Далее: перстосложение, аллилуйя и очень многое тому подобное – все это и подверглось великому народному размышлению и рассуждению, особенно между духовными отцами и их детьми. Несмотря, однако ж, на разнообразие предметов размышления, все дело сводилось к одному концу: стоять ли за старое или идти за новым. В обществе произошло разделение, главною причиною которого было крайнее невежество этого самого общества, воспитанного в самой тесной опеке, в среде бесчисленных запрещений, отречений и анафем; у которого отнята была наука, закрепощена мысль, которое поэтому не имело способов само поверять действия своих руководителей и учителей и по необходимости шло за ними как бы на привязи. Очень понятно, что в таком обществе всякое наглое, самоуверенное слово, а тем более всякий фанатизм, даже фанатизм юродивого, должен был почитаться за возглашение самой истины.
Фанатизм всегда и является неизбежным плодом умственной тесноты и умственной ограниченности. И в самом деле, очень трудно было в это время русскому человеку узнать, на какой стороне правда.
В самом дворце умы колебались и многие втайне стояли, разумеется, за старое, за уставы Домостроя и помогали всеми дворцовыми путями и средствами своим единомышленникам. Там старое могло приобрести еще большую силу оттого, что многие, особенно близкие к царице, находили в старых порядках точку опоры для борьбы с новыми людьми, которые нередко переступали старым дорогу.
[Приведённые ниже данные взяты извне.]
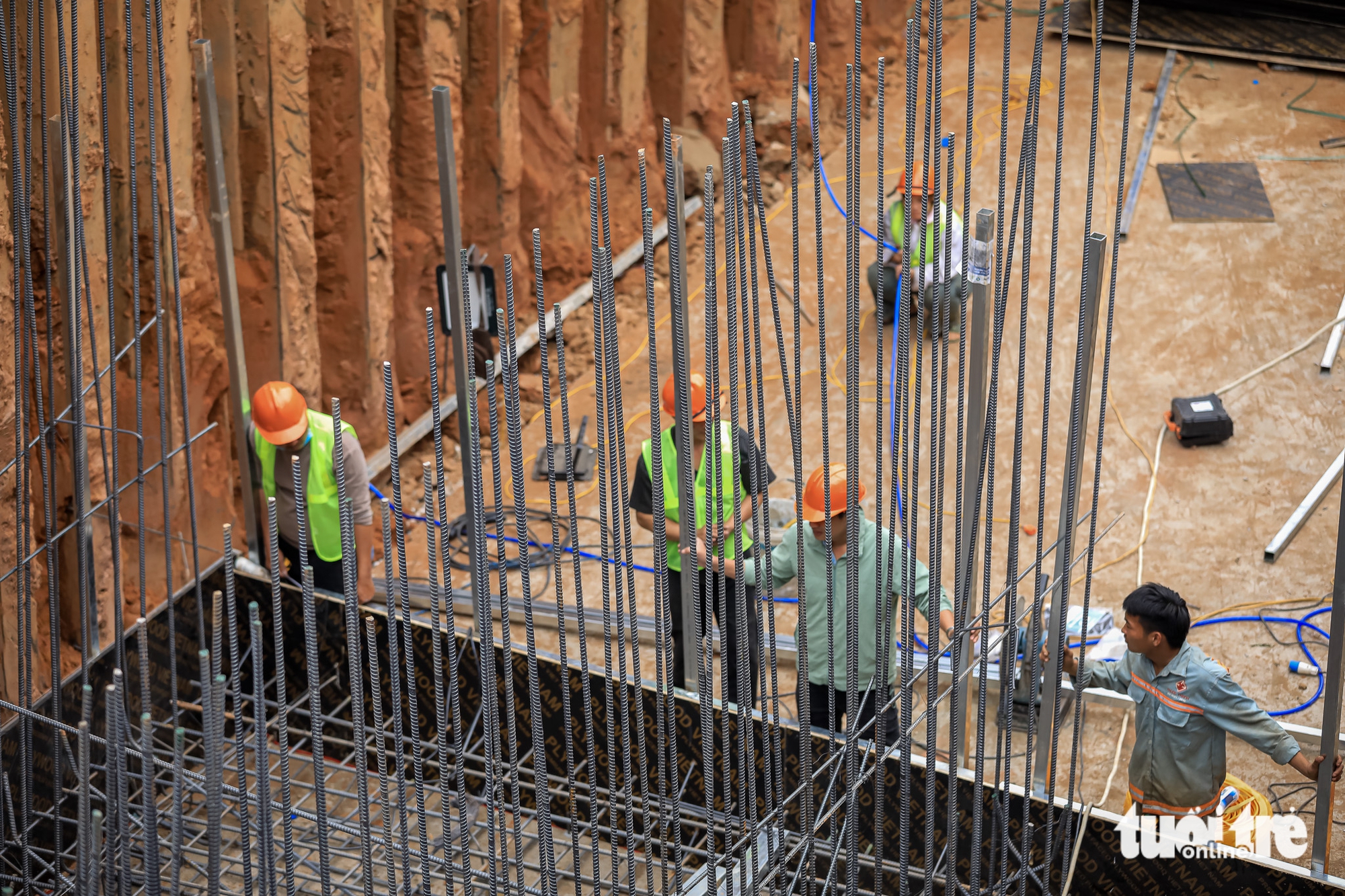 Cận cảnh loạt 'đại công trường' các dự án chống ngập ở Hà Nội đang hối hả thi công - Ảnh 11.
Само собою разумеется, что старый устав жизни, ее буква, обряд нигде не должен был иметь такой силы, как именно на женской половине дворца, которая долго и после реформы сохраняла привязанность к старым порядкам быта.
В таком положении находились дела, когда обычным путем шли лета замужества молодой и знатной боярыни. Бог дал супругам сына Ивана по их молитве и явлению чудотворца Сергия, как говорит сказание о жизни Морозовой, что достаточно свидетельствует о благочестивой ее набожности. Но в 1662г. Глеб Иванович умирает, и она остается вдовою. Случай решительный в жизни Морозовой[50]. С этих пор ее постническое набожное настроение мыслей получает широкий простор для своих действий, для стремлений к заветным идеалам. Должно полагать, что в это время ей было не более 30 лет, ибо всего замужества едва ли было лет 12; тогда и сын остался после отца лет десяти.
Первые годы вдовства шли, однако ж, обыкновенным порядком. Она жила, как следует большой и богатой боярыне, выезжала во дворец и к родным и знакомым с подобающею боярскою обстановкою и держала свой дом в подобающем устройстве.
Об этом времени ее вдовства пусть расскажет нам сам Аввакум, ее духовный отец и учитель. «Знаю, друг мой милый, Феодосья Прокопьевна, – пишет он к ней в одном из своих писем, – жена ты была боярская, Глеба Ивановича Морозова, вдова честная, в Верху чина царева близь царицы: в дому твоем тебе служило человек с триста, крестьян у тебя было 8000, имения в твоем дому было на 200 или на 250 тысяч; друзей и сродников в Москве множество-много; ездила ты к ним в карете дорогой, украшенной мусиею и серебром, на аргамаках многих, по 6 и 12 запрягали, с гремячими цепями; за тобою слуг, рабов и рабынь, шло человек по 100 и по 200, а иногда и 300, оберегая честь твою и здоровье. Пред ними красота твоего лица сияла, как древле во Израили вдовы Июдифы, победившей Навходносорова князя Олоферна. И знаменита была ты в Москве, как древняя Девора в Израили, Есфирь, жена Артаксеркса».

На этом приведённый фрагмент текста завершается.